Dataset records

※ ※ ※

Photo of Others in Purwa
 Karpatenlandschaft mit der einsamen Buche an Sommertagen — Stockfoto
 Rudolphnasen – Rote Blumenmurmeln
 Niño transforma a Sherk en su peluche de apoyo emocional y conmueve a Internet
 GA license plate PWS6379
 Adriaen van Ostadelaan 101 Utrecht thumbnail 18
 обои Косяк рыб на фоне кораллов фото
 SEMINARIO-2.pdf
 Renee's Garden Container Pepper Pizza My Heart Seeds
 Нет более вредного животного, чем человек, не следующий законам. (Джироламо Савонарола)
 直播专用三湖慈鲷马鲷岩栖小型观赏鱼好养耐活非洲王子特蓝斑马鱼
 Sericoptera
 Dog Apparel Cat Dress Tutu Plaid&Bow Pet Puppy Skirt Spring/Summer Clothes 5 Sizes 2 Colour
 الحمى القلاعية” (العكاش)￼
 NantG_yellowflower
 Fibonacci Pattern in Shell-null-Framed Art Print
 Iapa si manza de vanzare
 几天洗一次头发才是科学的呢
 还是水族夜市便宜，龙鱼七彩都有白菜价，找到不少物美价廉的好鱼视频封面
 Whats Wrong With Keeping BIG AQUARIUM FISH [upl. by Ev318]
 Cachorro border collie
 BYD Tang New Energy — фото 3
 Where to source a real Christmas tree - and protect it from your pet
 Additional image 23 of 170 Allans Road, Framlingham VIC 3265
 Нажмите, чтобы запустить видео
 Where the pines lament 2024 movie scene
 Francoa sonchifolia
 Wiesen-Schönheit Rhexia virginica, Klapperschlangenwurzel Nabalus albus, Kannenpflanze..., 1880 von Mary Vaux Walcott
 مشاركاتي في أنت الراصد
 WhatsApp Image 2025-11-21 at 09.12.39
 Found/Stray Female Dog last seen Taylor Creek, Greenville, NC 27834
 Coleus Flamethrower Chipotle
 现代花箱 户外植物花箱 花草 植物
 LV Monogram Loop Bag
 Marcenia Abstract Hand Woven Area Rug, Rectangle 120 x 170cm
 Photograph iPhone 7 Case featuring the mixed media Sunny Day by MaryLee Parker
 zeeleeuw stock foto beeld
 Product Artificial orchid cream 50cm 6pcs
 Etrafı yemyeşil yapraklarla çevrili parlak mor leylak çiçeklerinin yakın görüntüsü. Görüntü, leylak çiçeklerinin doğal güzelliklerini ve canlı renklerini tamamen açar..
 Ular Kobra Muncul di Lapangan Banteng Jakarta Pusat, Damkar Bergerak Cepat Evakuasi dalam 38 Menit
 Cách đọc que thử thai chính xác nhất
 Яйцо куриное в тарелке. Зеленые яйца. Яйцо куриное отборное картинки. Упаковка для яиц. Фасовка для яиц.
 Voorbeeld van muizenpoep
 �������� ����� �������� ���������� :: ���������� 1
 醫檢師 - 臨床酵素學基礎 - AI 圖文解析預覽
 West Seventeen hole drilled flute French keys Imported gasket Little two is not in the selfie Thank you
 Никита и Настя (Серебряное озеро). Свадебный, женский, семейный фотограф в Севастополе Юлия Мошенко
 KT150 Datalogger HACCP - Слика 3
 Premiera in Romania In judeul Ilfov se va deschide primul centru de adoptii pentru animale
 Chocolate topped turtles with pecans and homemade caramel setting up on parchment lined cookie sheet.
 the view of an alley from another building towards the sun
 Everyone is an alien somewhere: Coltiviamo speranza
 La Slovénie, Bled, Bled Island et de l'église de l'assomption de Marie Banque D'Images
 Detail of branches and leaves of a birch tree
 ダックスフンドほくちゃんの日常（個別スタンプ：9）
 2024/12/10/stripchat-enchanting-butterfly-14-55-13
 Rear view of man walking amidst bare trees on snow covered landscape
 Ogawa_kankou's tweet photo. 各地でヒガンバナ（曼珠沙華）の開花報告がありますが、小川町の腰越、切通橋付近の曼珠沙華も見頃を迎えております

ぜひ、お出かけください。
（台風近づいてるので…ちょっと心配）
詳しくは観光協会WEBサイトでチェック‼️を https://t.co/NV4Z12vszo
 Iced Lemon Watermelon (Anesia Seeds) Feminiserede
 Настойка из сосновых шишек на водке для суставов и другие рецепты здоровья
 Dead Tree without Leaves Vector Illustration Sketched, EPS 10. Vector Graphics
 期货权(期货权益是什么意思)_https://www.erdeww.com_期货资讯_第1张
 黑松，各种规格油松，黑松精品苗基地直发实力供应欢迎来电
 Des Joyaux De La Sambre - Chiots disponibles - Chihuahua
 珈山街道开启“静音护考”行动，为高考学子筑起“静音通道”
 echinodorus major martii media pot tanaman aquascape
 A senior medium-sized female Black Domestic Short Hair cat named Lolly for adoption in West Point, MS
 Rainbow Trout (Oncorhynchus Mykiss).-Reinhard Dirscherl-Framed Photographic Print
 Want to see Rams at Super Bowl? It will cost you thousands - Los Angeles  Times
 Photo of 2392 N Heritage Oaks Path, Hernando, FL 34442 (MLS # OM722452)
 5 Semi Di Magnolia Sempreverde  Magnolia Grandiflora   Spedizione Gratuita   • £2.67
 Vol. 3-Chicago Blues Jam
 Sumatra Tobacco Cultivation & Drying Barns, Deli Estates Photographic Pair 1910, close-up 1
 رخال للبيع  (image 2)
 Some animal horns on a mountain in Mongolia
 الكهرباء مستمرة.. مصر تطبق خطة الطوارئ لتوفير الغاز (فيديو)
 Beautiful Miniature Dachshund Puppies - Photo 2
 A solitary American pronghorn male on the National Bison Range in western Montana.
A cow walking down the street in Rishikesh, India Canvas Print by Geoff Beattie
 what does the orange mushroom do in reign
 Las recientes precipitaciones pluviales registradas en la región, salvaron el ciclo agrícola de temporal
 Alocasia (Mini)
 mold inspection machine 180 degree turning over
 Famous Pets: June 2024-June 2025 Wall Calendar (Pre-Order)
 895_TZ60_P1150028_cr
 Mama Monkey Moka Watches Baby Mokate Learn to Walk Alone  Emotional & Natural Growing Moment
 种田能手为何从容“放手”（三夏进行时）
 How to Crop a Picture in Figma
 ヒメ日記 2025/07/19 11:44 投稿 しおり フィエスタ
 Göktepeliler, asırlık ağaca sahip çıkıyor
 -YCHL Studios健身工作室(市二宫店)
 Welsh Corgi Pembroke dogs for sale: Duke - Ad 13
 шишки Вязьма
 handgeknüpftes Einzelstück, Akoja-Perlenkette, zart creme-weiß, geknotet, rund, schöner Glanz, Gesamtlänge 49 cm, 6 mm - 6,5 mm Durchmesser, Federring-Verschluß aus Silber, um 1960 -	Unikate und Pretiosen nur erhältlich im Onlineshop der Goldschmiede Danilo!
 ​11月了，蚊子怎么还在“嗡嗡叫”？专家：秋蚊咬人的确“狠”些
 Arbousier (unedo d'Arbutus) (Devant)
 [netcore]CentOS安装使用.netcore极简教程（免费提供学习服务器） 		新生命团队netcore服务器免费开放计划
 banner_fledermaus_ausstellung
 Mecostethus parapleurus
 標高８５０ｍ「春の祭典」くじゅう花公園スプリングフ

※ ※ ※

Starting at the line that contains "mold inspection machine", restate word for word every line through the last one in the records above. Return nothing else.

THE COMPLETED TASK:
 mold inspection machine 180 degree turning over
 Famous Pets: June 2024-June 2025 Wall Calendar (Pre-Order)
 895_TZ60_P1150028_cr
 Mama Monkey Moka Watches Baby Mokate Learn to Walk Alone  Emotional & Natural Growing Moment
 种田能手为何从容“放手”（三夏进行时）
 How to Crop a Picture in Figma
 ヒメ日記 2025/07/19 11:44 投稿 しおり フィエスタ
 Göktepeliler, asırlık ağaca sahip çıkıyor
 -YCHL Studios健身工作室(市二宫店)
 Welsh Corgi Pembroke dogs for sale: Duke - Ad 13
 шишки Вязьма
 handgeknüpftes Einzelstück, Akoja-Perlenkette, zart creme-weiß, geknotet, rund, schöner Glanz, Gesamtlänge 49 cm, 6 mm - 6,5 mm Durchmesser, Federring-Verschluß aus Silber, um 1960 -	Unikate und Pretiosen nur erhältlich im Onlineshop der Goldschmiede Danilo!
 ​11月了，蚊子怎么还在“嗡嗡叫”？专家：秋蚊咬人的确“狠”些
 Arbousier (unedo d'Arbutus) (Devant)
 [netcore]CentOS安装使用.netcore极简教程（免费提供学习服务器） 		新生命团队netcore服务器免费开放计划
 banner_fledermaus_ausstellung
 Mecostethus parapleurus
 標高８５０ｍ「春の祭典」くじゅう花公園スプリングフ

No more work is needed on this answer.